* [INFORMATION SUPPLIED]
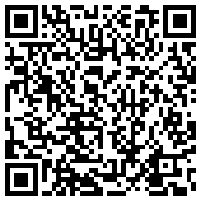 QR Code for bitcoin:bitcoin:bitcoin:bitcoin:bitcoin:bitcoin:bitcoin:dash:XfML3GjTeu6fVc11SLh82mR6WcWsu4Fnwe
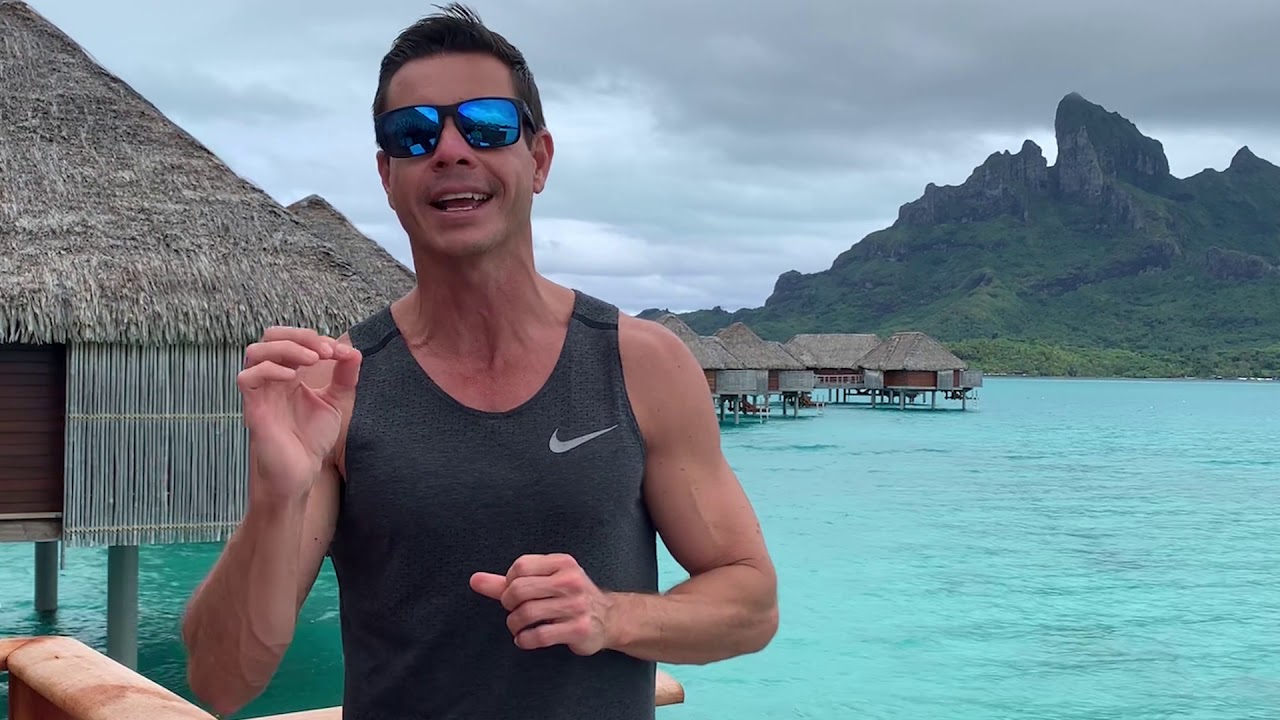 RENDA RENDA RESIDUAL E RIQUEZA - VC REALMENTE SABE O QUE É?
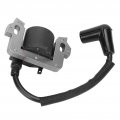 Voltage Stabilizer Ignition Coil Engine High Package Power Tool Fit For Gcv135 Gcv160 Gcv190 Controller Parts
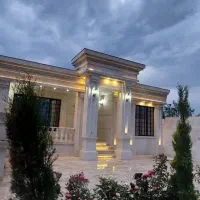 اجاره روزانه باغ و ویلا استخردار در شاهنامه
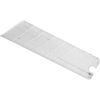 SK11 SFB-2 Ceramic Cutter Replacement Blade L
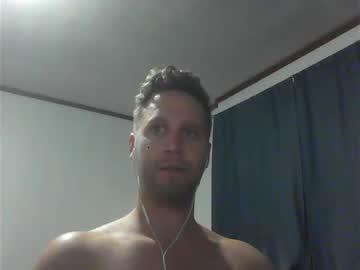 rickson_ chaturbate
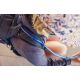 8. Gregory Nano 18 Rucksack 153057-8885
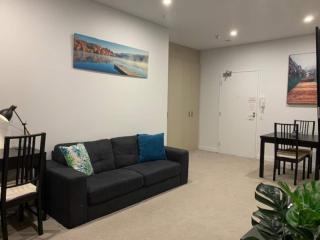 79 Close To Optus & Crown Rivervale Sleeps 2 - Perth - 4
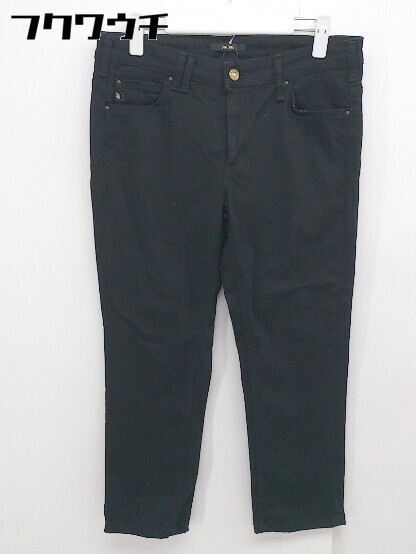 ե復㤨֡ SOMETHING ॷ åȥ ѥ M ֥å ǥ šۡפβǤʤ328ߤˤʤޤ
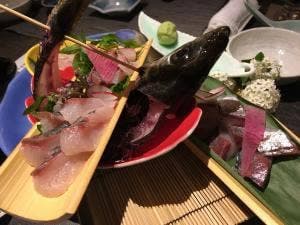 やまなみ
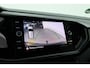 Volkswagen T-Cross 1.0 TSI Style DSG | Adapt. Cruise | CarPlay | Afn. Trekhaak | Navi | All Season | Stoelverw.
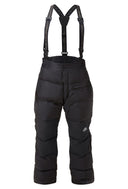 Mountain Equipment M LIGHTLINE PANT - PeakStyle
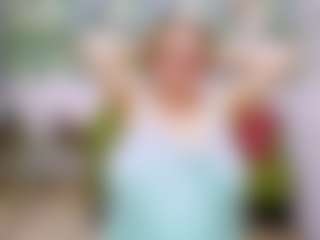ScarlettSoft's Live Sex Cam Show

* [THE PROBLEM] Copy, exactly and exclusively, the lines beginning with the one that contains "SK11 SFB-2 Ceramic" and ending with the last line of the listing; pictures are to be omitted.

* [ANSWER TO THIS PROBLEM]
 SK11 SFB-2 Ceramic Cutter Replacement Blade L
 rickson_ chaturbate
 8. Gregory Nano 18 Rucksack 153057-8885
 79 Close To Optus & Crown Rivervale Sleeps 2 - Perth - 4
 ե復㤨֡ SOMETHING ॷ åȥ ѥ M ֥å ǥ šۡפβǤʤ328ߤˤʤޤ
 やまなみ
 Volkswagen T-Cross 1.0 TSI Style DSG | Adapt. Cruise | CarPlay | Afn. Trekhaak | Navi | All Season | Stoelverw.
 Mountain Equipment M LIGHTLINE PANT - PeakStyle
ScarlettSoft's Live Sex Cam Show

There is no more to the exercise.